PROBLEM TO SOLVE
When you reach the line with "Maison 82 m² quatre pièces à vendre à Toulon" in the data below, begin printing lines exactly, and stop once the line with "صورة لميناء مدينة سكيكدة 1" has been printed.

──────── AVAILABLE DATA ────────

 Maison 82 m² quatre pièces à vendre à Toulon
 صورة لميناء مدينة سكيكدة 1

────────
──────── AVAILABLE DATA ────────

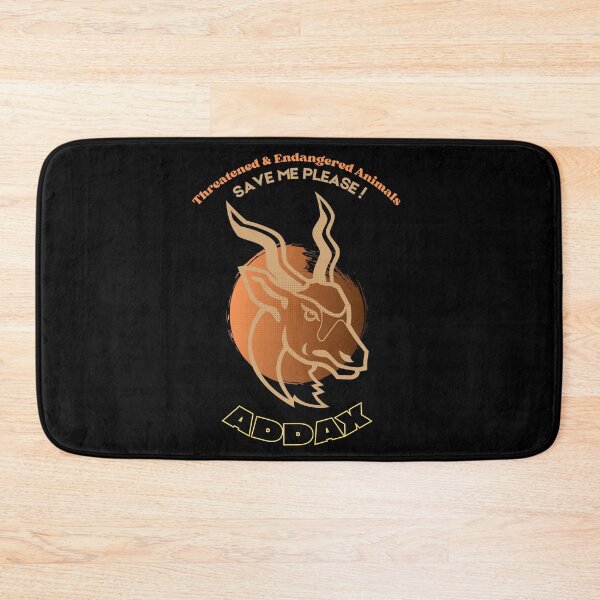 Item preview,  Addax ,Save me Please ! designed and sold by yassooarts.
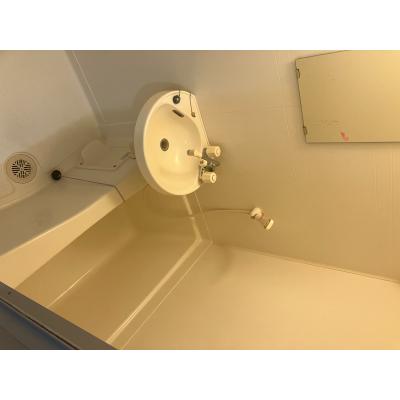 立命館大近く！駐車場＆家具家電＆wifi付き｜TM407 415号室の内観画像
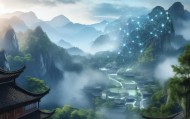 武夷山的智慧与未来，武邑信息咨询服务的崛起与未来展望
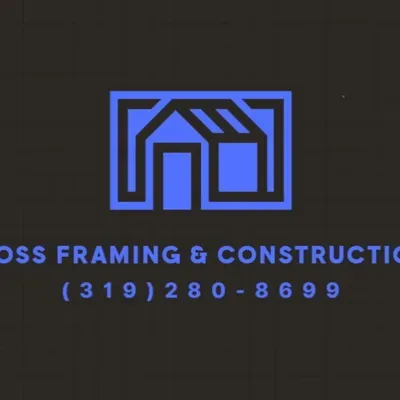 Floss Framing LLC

────────

RESPONSE
 Maison 82 m² quatre pièces à vendre à Toulon
 صورة لميناء مدينة سكيكدة 1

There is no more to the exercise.